INFORMATION below:

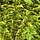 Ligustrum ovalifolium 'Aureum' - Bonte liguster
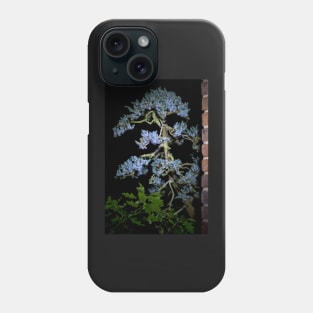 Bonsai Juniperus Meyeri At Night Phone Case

End of INFORMATION.
INFORMATION below:

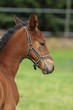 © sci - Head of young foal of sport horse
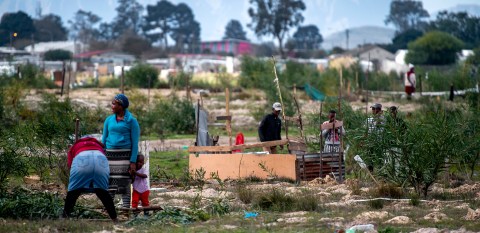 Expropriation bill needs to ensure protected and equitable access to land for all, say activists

End of INFORMATION.
INFORMATION below:

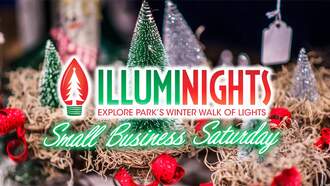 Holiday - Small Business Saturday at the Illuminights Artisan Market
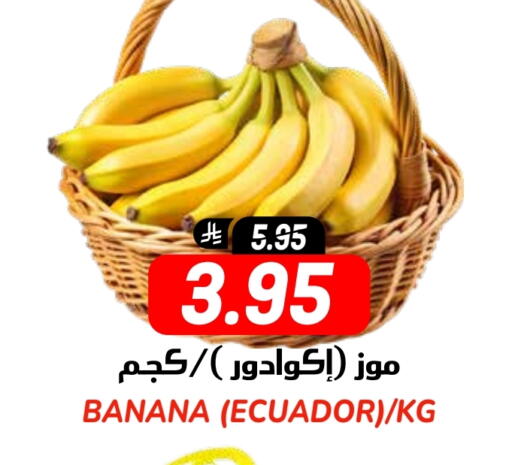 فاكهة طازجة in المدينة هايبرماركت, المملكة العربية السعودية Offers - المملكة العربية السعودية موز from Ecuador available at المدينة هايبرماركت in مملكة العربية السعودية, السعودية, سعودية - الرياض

End of INFORMATION.

== TASK DETAILS ==
Reproduce the listing above exactly from the line containing "Holiday - Small" up to and including the line containing "فاكهة طازجة in", omitting any images and everything outside those lines.

== RESPONSE ==
 Holiday - Small Business Saturday at the Illuminights Artisan Market
 فاكهة طازجة in المدينة هايبرماركت, المملكة العربية السعودية Offers - المملكة العربية السعودية موز from Ecuador available at المدينة هايبرماركت in مملكة العربية السعودية, السعودية, سعودية - الرياض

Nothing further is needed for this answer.